Established in 2008, GNI's goals are the prevention of Internet censorship and the protection of the Internet privacy rights of individuals, and it is supported by a number of academics, educational organizations, civil society organizations, and companies.
"Within confidential GNI discussions, human rights experts are expected to share with companies the challenges that vulnerable groups face worldwide. Likewise, companies are expected to be frank in how their systems can both protect users’ rights and the limits they face in doing so.
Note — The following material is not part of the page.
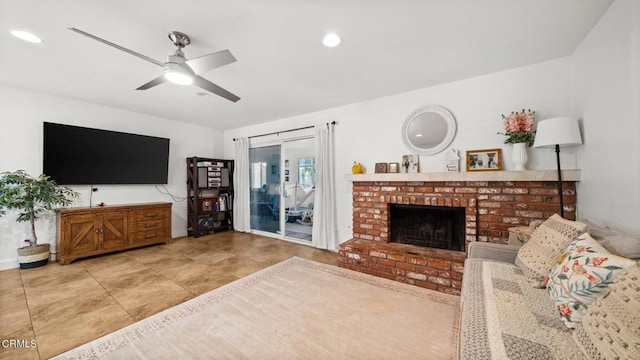 living area featuring a fireplace and ceiling fan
When GNI produces reports and commentary, all of its members should be able to stand by what is said," pointed out EFF's Danny O'Brien and Jillian C. York.
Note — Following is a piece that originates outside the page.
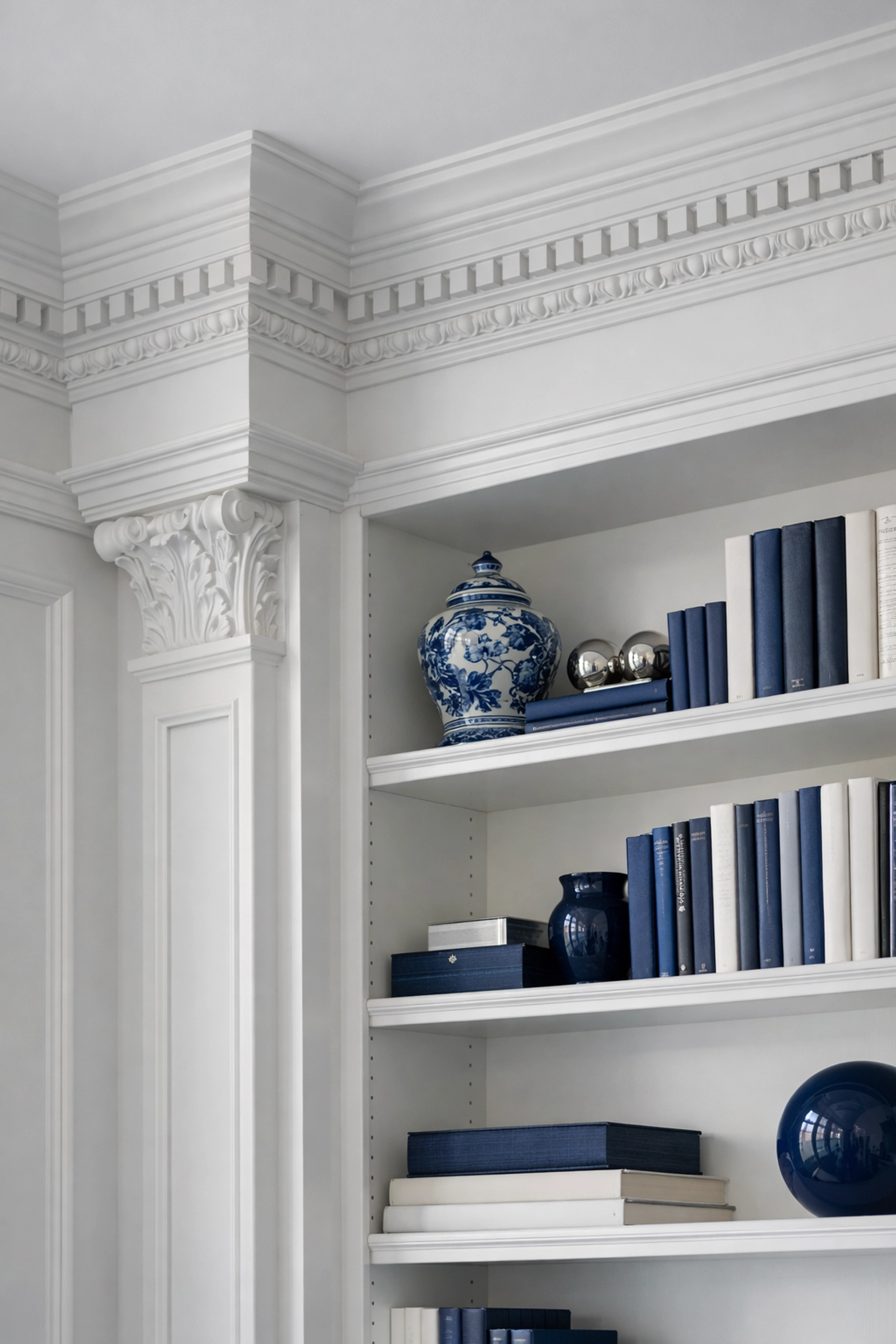 Spotless bookshelf and crown molding in a Wellesley home after a detailed house cleaning mission.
Following the recent NSA revelations, they say, "it has become clear that affected companies are unable even to talk about secret orders they have received from the US government."
"As a result, EFF longer no believes we can sign our name onto joint statements that rely on shared knowledge of the security of company products or their internal processes," the said, adding that until serious reforms of the US surveillance programs are in place, they "no longer feel comfortable participating in the GNI process when we are not privy to the serious compromises GNI corporate members may be forced to make", nor do they "currently believe that audits of corporate practice, no matter how independent, will uncover the insecurities produced by the US government's—and potentially other governments'—behavior when operating clandestinely in the name of national security.”
They concluded by saying that the EFF will continue to share information and work with GNI and its member organizations, and that they hope they can continue to work together to protect Internet users' rights.